身體上傳來的清楚的疼覺,陳幼楠覺得心都快碎了,不僅是感覺到了無力感,還有對于徐藝洋的愧疚。
自己的第一次沒了,還是給了最要好的朋友,來這邊以后玩得最好的朋友,整個人都快碎掉了。
在混亂的一團之中,陳幼楠發現的除了半捆在手上的紅巾,還有一張紙,紙上就簡簡單單一句話。
原諒我,不復再見。
陳幼楠此刻的心情也是說不出的復雜,稍微整理了一下衣服,還是決定往天湖島的方向去,至于易伢,他已經不關心了,愛去哪里去哪里,自己只是想要回去。
原本易伢講陳幼楠掠來的時候,是臨近中午,現在陳幼楠破開堵在門口的石頭,時間已經來到了黃昏,換做以前陳幼楠回到天湖島肯定得晚上,甚至半夜了。
不過現在有了戰車,多消耗一些靈氣,倒是可以走得更快了。
太陽緩緩西沉,天空染上了橙紅色的晚霞,整個世界仿佛都變得溫柔起來。
在這個時刻,大地被余暉照亮,呈現出一種金黃的色彩。山巒、河流、樹木,所有的一切都被鍍上了一層金色,顯得格外美麗。

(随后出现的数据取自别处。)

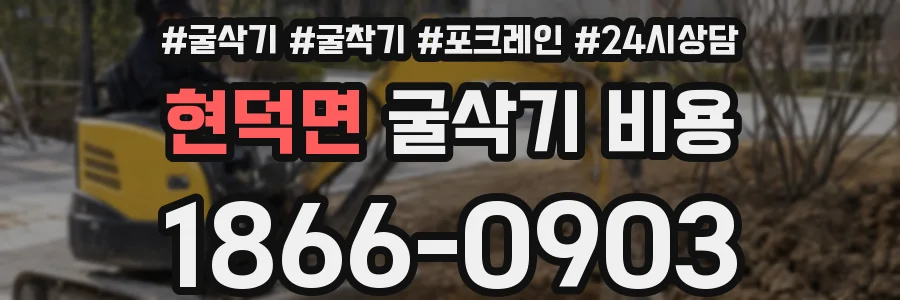 현덕면 굴삭기 비용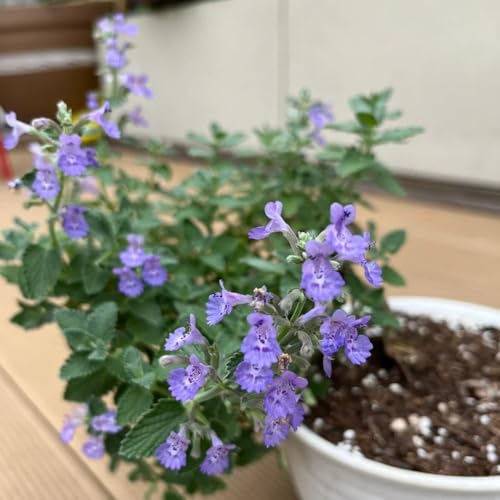 550 piezas semillas de gatera orgánicas decorativas semillas de silvestres pradera, resistentes para jardín,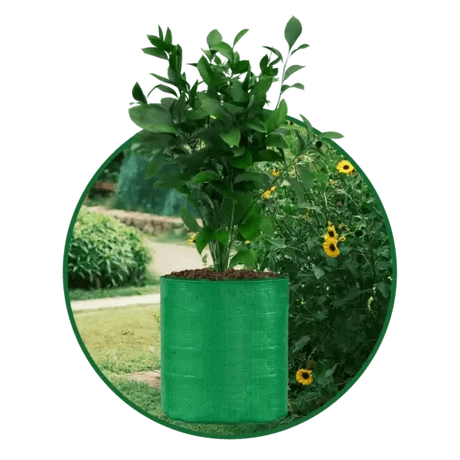 HDPE UV Protected Round Plants Grow Bags, Green Color Ideal for Terrace and Vegetable Gardening - Singhal Mart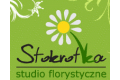 Studio Florystyczne Stokrotka Barbara Słomka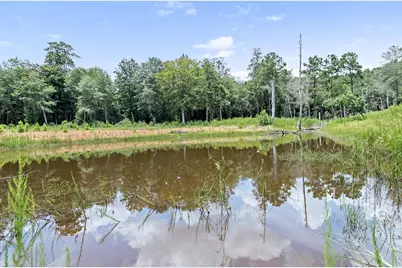 1111 County Road 4370, Woodville, TX 75979 - Photo 33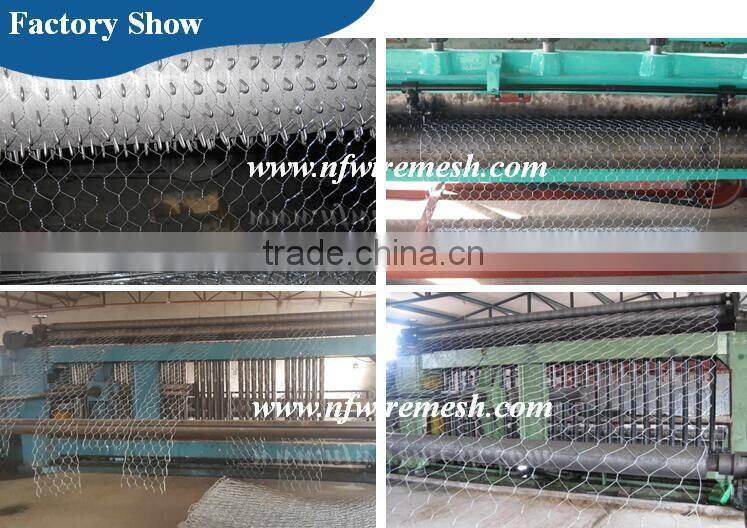 Hexagonal Hole Shape Q195 Galvanized Iron Wire hexagonal wire netting(Guangzhou Factory)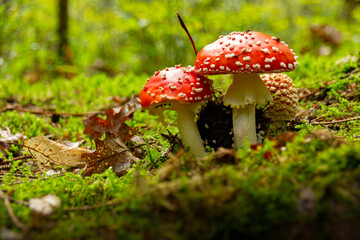 Amanita muscaria poisonous mushroom in a forest close-up.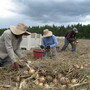 Migrant workers hand pick Vidalia onions in Georgia. The vegetable is too delicate to be harvested with machines. Migrant workers hand pick Vidalia onions in Georgia. The vegetable is too delicate to be harvested with machines.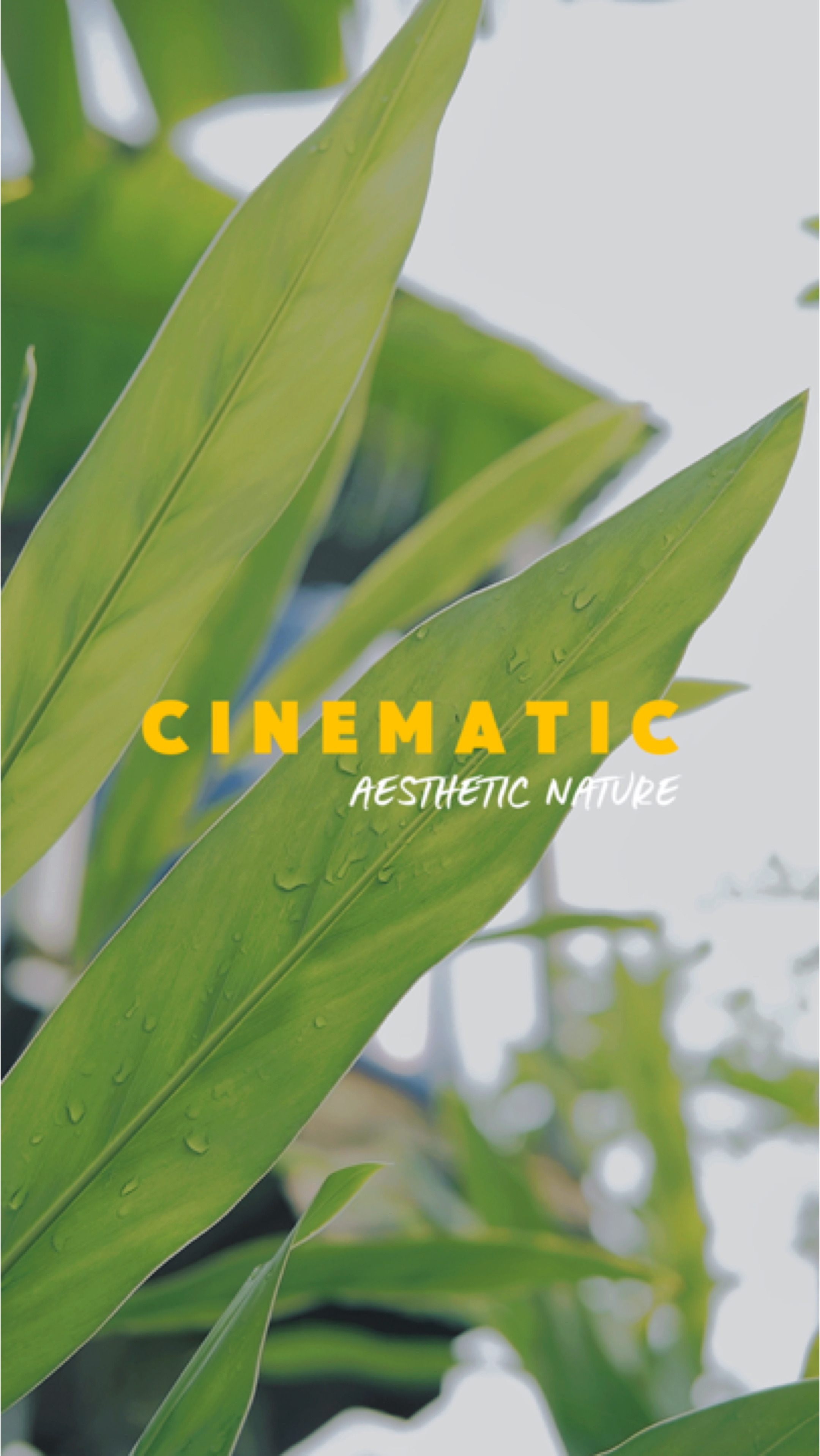 CINEMATIC NATURE HD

落日的余暉灑在大地上,讓一切都變得朦朧起來,仿佛一幅美麗的水墨畫。
天空中,鳥兒在歸巢,它們鳴叫著,仿佛在向世界宣告著一天的結束。
而此刻,陳幼楠正在戰車之上飛奔著,腦子里亂成一鍋粥,感覺這幾天發生的事情,顛覆了他的認知,不屬于他能夠理解的范疇。
這一切他都需要好好的琢磨琢磨,才能夠想明白,以及今天發生的事情,是否要與徐藝洋說明白,又或是隱瞞下來,免得感情生出隔閡。
幾番糾結,陳幼楠最終還是選擇坦白,再天色剛剛深沉下來,陳幼楠就到達了天湖島,鼓起勇氣走了進去,來到了溫大舅的屋前,也犯不著敲門,吵醒睡覺的人。
但是沒想到開門的聲音還是將屋內的人引來,徐藝洋看著門口站著的陳幼楠,有些不敢相信,試探性地問道:“楠楠,你回來了?”
聽到楠楠兩字,陳幼楠再也繃不住了,哭泣著說道:“阿洋,我不干凈了。”
徐藝洋倒也是沒多少意外,一把將陳幼楠抱入懷中,“沒事的,我不嫌棄,沒事的,人沒事就好了,我們去睡覺吧。”
陳幼楠被這么折騰了一天,從早晨的吵架到晚上的趕路,都消耗了不少的精神力,即使昏迷狀態也算休息,但也是累得著不住。
回來的路上還吃了一點腰牌里預備著的糧食,才勉強將這一天度過。
陳幼楠被徐藝洋抱著走進臥室,稍加洗漱一番,便都睡去了。
夜深了,明天又會是怎樣的一天。